WAC 192-310-160
How may corporations exempt corporate
officers from unemployment insurance coverage? (1) Subject to
RCW 50.04.165 and the other requirements of this section, a
corporation may exempt one or more corporate officers from
coverage by notifying the department on a form approved by the
department. The form must be signed by each exempted officer.
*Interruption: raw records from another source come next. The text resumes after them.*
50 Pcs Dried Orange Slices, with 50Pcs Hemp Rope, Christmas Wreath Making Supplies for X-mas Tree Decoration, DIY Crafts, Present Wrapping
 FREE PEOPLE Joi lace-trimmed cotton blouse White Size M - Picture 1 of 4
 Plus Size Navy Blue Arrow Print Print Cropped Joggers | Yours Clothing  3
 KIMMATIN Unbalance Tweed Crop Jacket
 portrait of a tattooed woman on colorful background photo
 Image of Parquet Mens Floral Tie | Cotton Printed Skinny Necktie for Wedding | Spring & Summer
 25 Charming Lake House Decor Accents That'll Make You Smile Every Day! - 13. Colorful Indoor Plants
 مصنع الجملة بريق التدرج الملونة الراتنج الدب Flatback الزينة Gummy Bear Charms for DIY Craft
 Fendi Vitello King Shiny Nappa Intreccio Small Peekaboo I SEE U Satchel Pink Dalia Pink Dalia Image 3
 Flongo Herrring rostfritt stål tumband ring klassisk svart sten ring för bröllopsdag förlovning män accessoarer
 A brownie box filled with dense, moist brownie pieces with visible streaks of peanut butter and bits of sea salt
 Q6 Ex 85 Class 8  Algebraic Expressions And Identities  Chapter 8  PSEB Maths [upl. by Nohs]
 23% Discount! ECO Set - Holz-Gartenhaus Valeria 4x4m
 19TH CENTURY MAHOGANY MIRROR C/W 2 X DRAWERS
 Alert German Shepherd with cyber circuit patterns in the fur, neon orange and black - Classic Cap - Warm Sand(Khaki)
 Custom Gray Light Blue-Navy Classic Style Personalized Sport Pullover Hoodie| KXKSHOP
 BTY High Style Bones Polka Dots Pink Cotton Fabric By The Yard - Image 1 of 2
Unless the corporate officer exempted is the only officer of
the corporation, the form must also be signed by another
corporate officer verifying the decision to be exempt from
coverage.
(2) The election to exempt corporate officers is
effective immediately if made within thirty days of when the
corporation first registers with the department as an employer
under RCW 50.12.070 or within thirty days of when the
corporation changes its status with the department from
inactive to active employer. If the election to exempt
corporate officers is made after that, the exemption is
effective on January 1 of the following calendar year. The
corporation must send written notice to the department by
January 15 for the exemption to be effective on January 1 of
that year. The exemption is not effective until filed with
the department and will not be applied retroactively, except
for the period from January 1 to January 15 if the notice is
sent by January 15. A corporation is not eligible for refund
or credit for periods before the effective date of the
exemption.
(3) A public company as defined in RCW 23B.01.400 may
exempt any bona fide corporate officer:
(a) Who is voluntarily elected or voluntarily appointed
under the articles of incorporation or bylaws of the
corporation;
(b) Who is a shareholder of the corporation;
(c) Who exercises substantial control in the daily
management of the corporation; and
(d) Whose primary responsibilities do not include the
performance of manual labor.
(4) A corporation that is not a public company may exempt
eight or fewer bona fide corporate officers who voluntarily
agree to be exempted from coverage and sign a form approved by
the department verifying this. These corporate officers must
be voluntarily elected or voluntarily appointed under the
articles of incorporation or bylaws of the corporation and
must exercise substantial control in the daily management of
the corporation.
(5) A corporation that is not a public company may exempt
any number of corporate officers if all exempted officers of
the corporation are related by blood within the third degree
or by marriage to a person related by blood within the third
degree. If any of the corporate officers fail to qualify for
this exemption because they are not related by blood or
marriage as required, then none of the corporate officers may
qualify under this subsection, although they may still qualify
under subsection (4) of this section. This is an alternative
and not an addition to exemptions under subsection (4) of this
section.
For example, a husband and wife or a domestic partner,
their biological or adopted children or stepchildren,
grandchildren, and great grandchildren, their brothers and
sisters, their nephews and nieces, and the spouses or domestic
partners of any of these people could qualify for exemption as
corporate officers under this section without being limited to
eight individuals. However, if any of the corporate officers
exempted do not meet this test, then this subsection does not
apply.
(6) This section does not apply to officers of a
corporation covered by chapter 50.44 RCW (some nonprofit or
government organizations) or chapter 50.50 RCW (Indian
tribes).
[Statutory Authority: RCW 50.12.010, 50.12.040. 10-23-064, §
192-310-160, filed 11/12/10, effective 12/13/10. Statutory
Authority: RCW 50.12.010, 50.12.040, and 34.05.120. 10-01-156, § 192-310-160, filed 12/22/09, effective 1/22/10. Statutory Authority: RCW 50.12.010 and 50.12.040. 09-07-010,
§ 192-310-160, filed 3/5/09, effective 4/5/09; 07-23-127, §
192-310-160, filed 11/21/07, effective 1/1/09.]